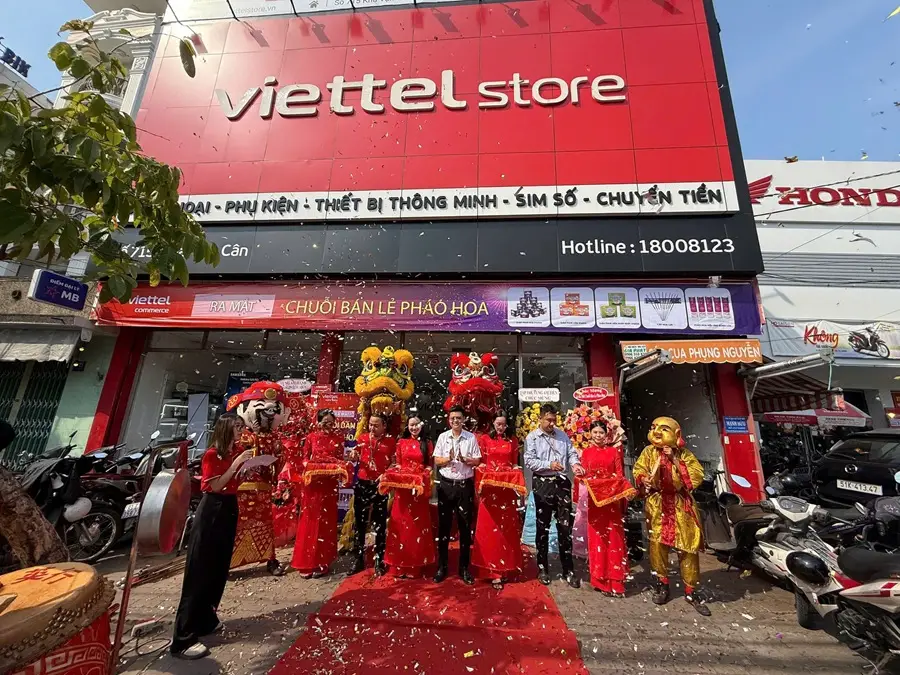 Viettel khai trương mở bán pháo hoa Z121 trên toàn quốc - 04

*-*-*

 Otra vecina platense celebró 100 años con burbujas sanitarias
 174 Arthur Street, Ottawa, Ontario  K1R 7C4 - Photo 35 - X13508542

*-*-*

Would you print exactly and only the lines of the material above that run from the line with "Otra vecina platense" through the line with "174 Arthur Street, Ottawa, Ontario", both included?

§ Task result:
 Otra vecina platense celebró 100 años con burbujas sanitarias
 174 Arthur Street, Ottawa, Ontario  K1R 7C4 - Photo 35 - X13508542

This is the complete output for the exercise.